Ike’s “Cross of Iron” speech in 1953 was brilliant in its clarity and power. Can you imagine any US politician saying these words today?

“Every gun that is made, every warship launched, every rocket fired signifies, in the final sense, a theft from those who hunger and are not fed, those who are cold and are not clothed.
This world in arms is not spending money alone. It is spending the sweat of its laborers, the genius of its scientists, the hopes of its children.
The cost of one modern heavy bomber is this: a modern brick school in more than 30 cities. It is two electric power plants, each serving a town of 60,000 population. It is two fine, fully equipped hospitals. It is some fifty miles of concrete pavement.
We pay for a single fighter plane with a half million bushels of wheat. We pay for a single destroyer with new homes that could have housed more than 8,000 people.
This is, I repeat, the best way of life to be found on the road the world has been taking.
This is not a way of life at all, in any true sense. Under the cloud of threatening war, it is humanity hanging from a cross of iron.”

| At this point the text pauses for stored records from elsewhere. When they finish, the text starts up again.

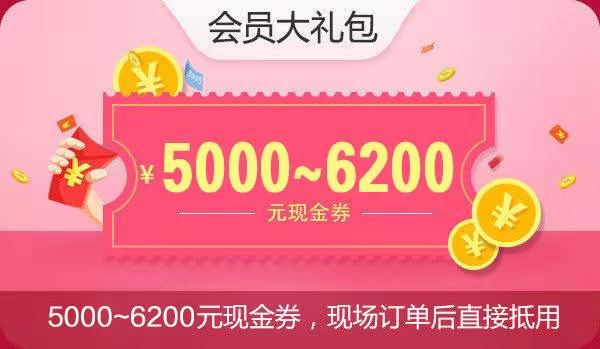 2019北京婚博會(huì)12月開展，先領(lǐng)券再逛展，結(jié)婚省錢超萬元!  第3張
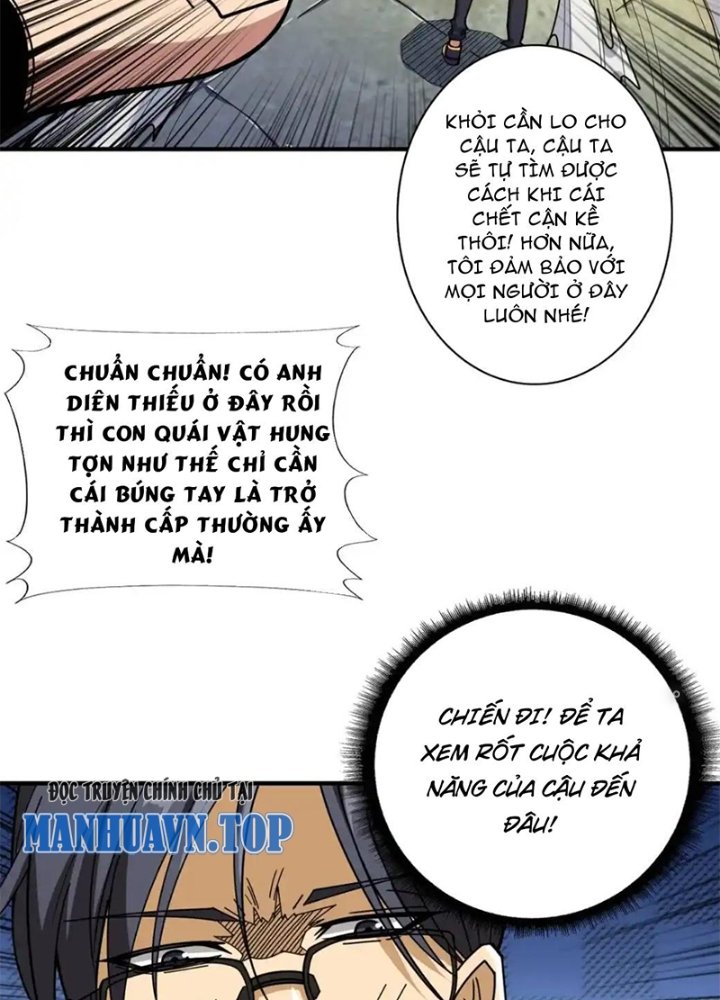 Phệ Thần Kỷ Chapter 118 - Trang 4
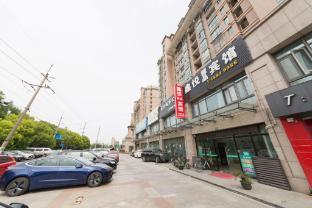 Xinyue Hostel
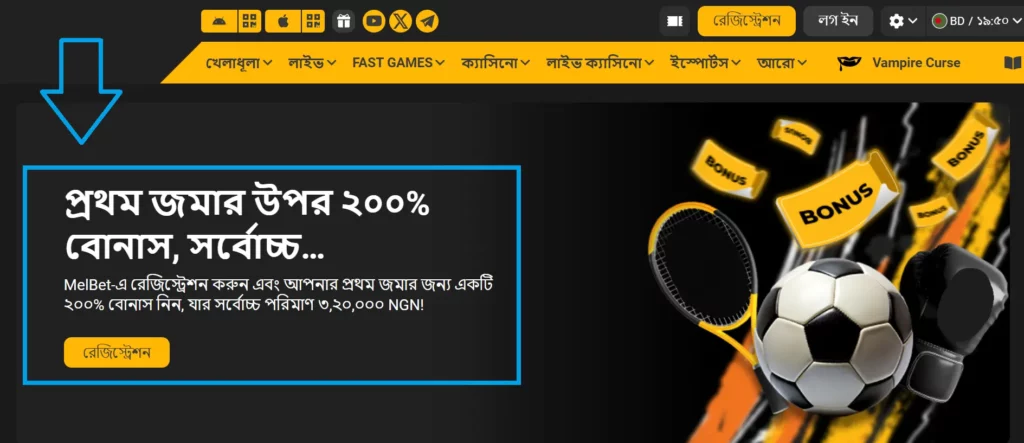 ২০২৬ সালে যেসব প্রোমোশনের উপর লক্ষ্য রাখা দরকার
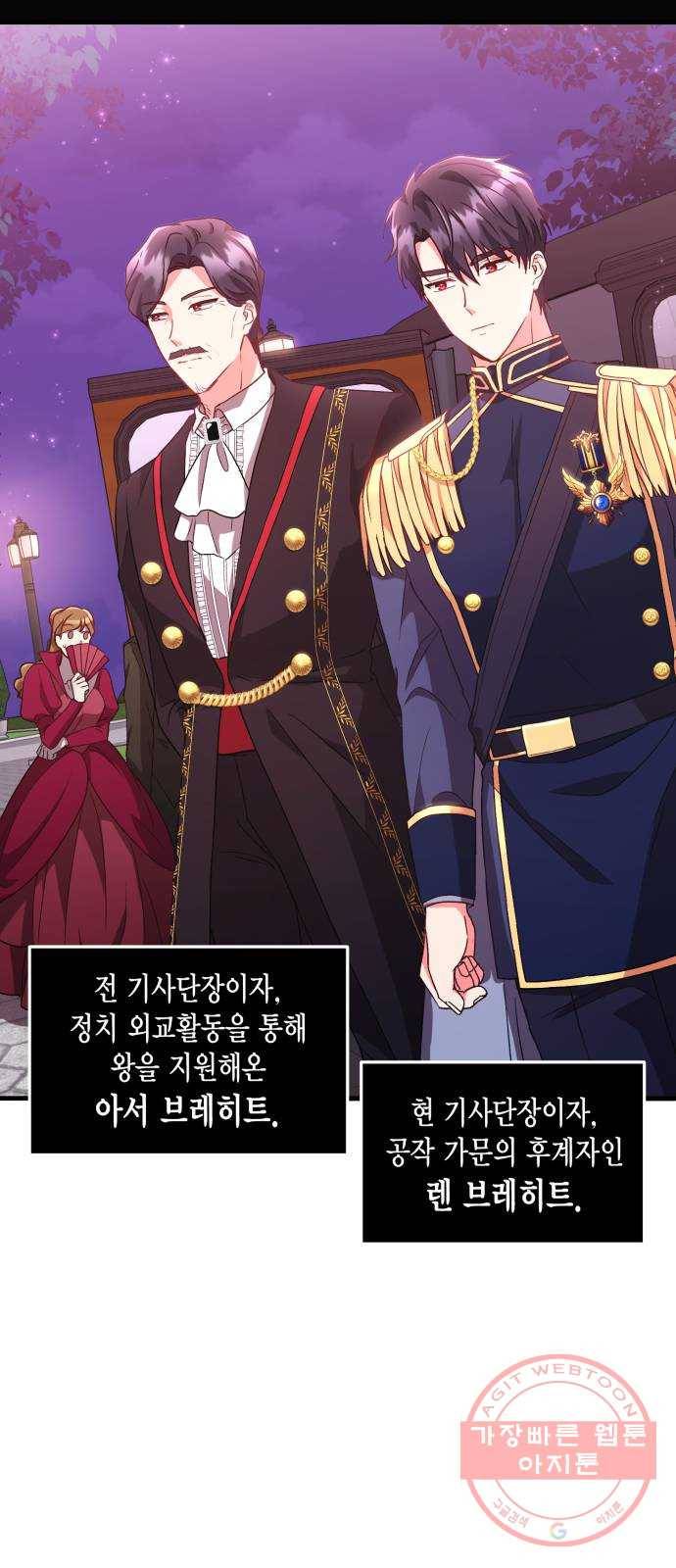 그 남주와 이별하는 방법 6화. 사랑에 반칙은 없어 (2) 40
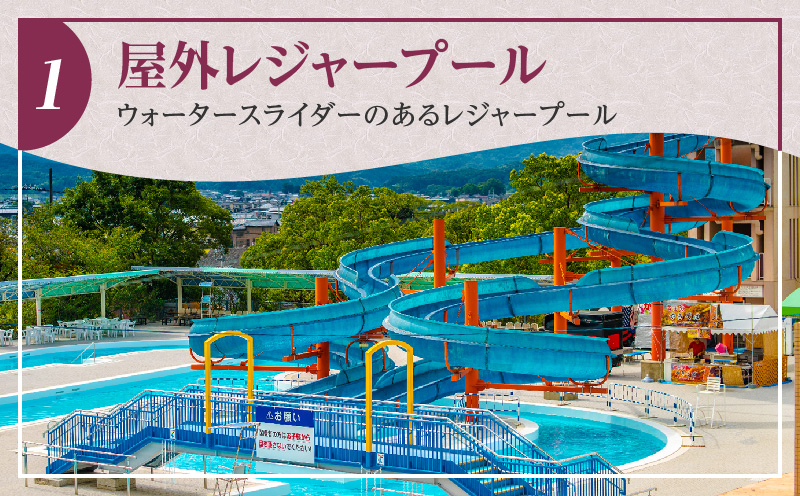 スポーツ施設無料券（グループ）|スポーツ施設 リゾート施設 レジャープール無料入園券 ウォータースライダー スケート テニスコート アイスアリーナ グループ 香川県 三木町|_mk013-003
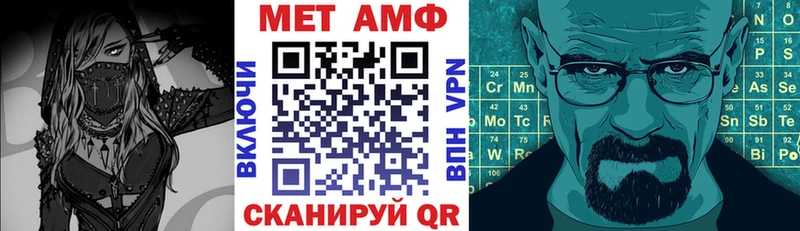 наркошоп  ссылка на мегу ONION  АМФ VHQ  Жуков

William Astore, a retired lieutenant colonel (USAF) and professor of history, is a TomDispatch regular and a senior fellow at the Eisenhower Media Network (EMN), an organization of critical veteran military and national security professionals. His personal blog is Bracing Views

Comment
Tarak Kauff, Veterans for Peace.
These people (the Atlantic Council and others) belong in an insane asylum. I mean that literally. I have been asserting for years that the essence of the problem we face is insanity.

Unfortunately, very few people understand that. I will state it again, people in positions of wealth and power are literally mad. The quest for and acquisition of money and power, the addiction, like a powerful drug drives people crazy. The addiction always increases. There is never enough.

When we are faced with the possible ending of life on the planet, only mad persons would put out something like that Atlantic piece, only lunatics promote nuclear weapons, war, all of that. When one understands that, one has to take a different approach — insane people do not in general respond to reason. We in the left, (for the most part) believe in reason and think that presenting it to the powers that be will save the day, that somehow they will wake up, will get it, realise where we are heading and what they are doing.

We might as well be pleading with a stone wall. The only solution is the wall must fall, all walls.